Material provided:
▼

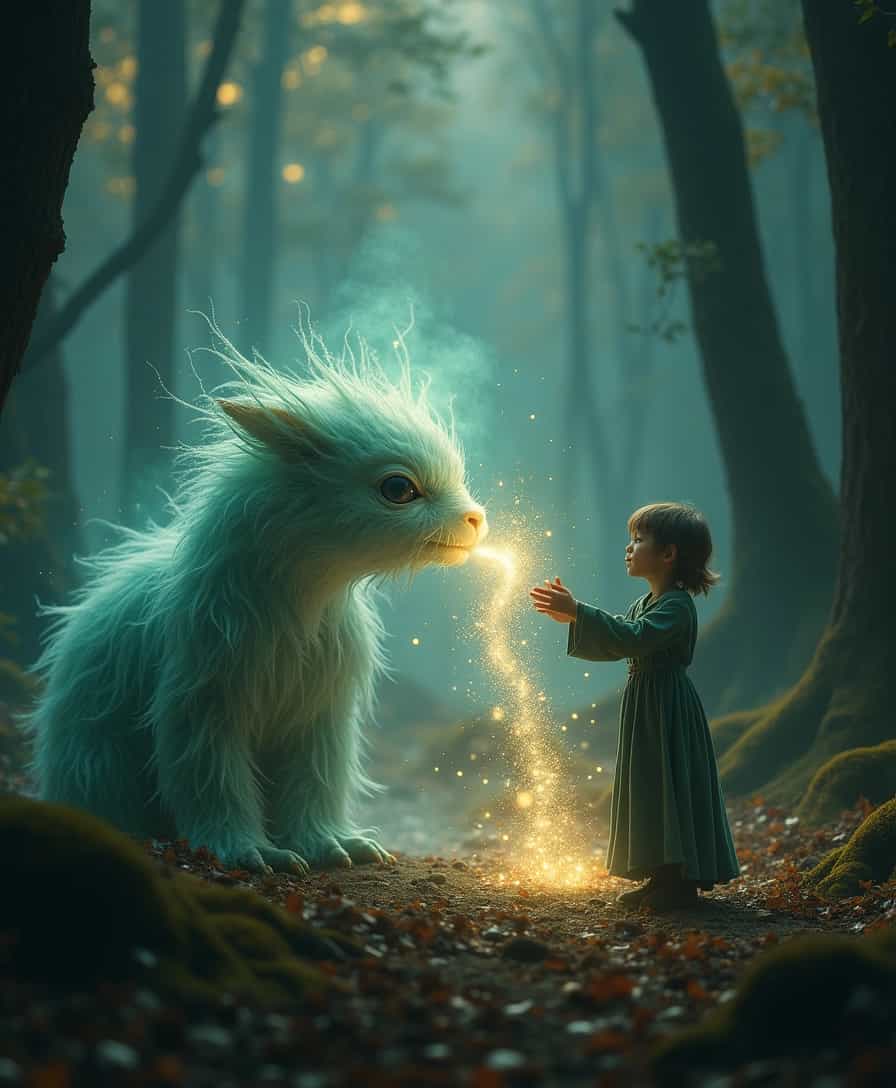 A young Mage reaching out to a magical creature in a mystical forest, captured in a high-resolution photograph taken with a Nikon D850::1.5 a magical creature in the midst of an ethereal transformation, its delicate features dissolving gracefully into a cloud of incandescent dust. As the creature's once bright eyes flickered and limbs disintegrated, a mesmerising dance of shimmering particles emerged, enveloping the being in a soft, otherworldly glow::1.5 GFP dust flowing from a disintegrating magical creature towards a young Mage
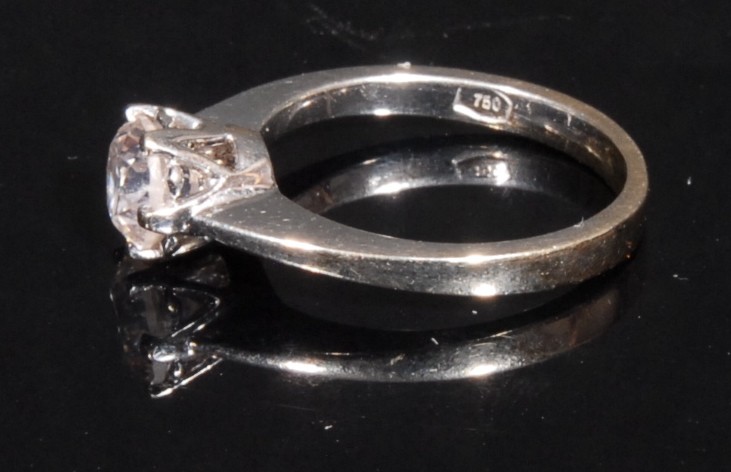 A diamond and 18ct white gold solitaire ring, the claw set round brilliant cut stone approx. 0.96ct, - Image 2 of 2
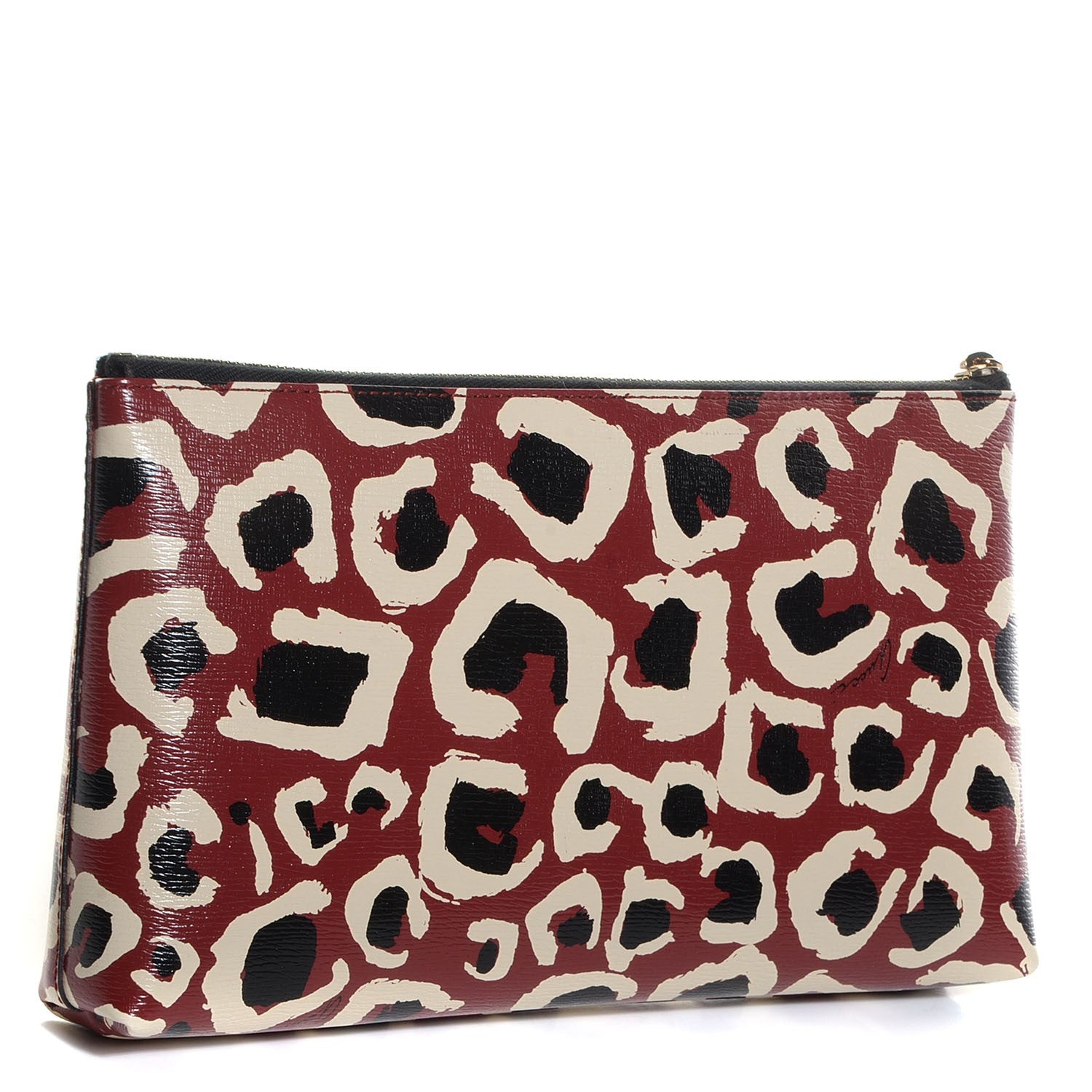 Gucci Leopard Print Leather Large Pouch 3 of 8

▲

Directions:
An exact copy of the material above is required, minus its images.

Output:
 A young Mage reaching out to a magical creature in a mystical forest, captured in a high-resolution photograph taken with a Nikon D850::1.5 a magical creature in the midst of an ethereal transformation, its delicate features dissolving gracefully into a cloud of incandescent dust. As the creature's once bright eyes flickered and limbs disintegrated, a mesmerising dance of shimmering particles emerged, enveloping the being in a soft, otherworldly glow::1.5 GFP dust flowing from a disintegrating magical creature towards a young Mage
 A diamond and 18ct white gold solitaire ring, the claw set round brilliant cut stone approx. 0.96ct, - Image 2 of 2
 Gucci Leopard Print Leather Large Pouch 3 of 8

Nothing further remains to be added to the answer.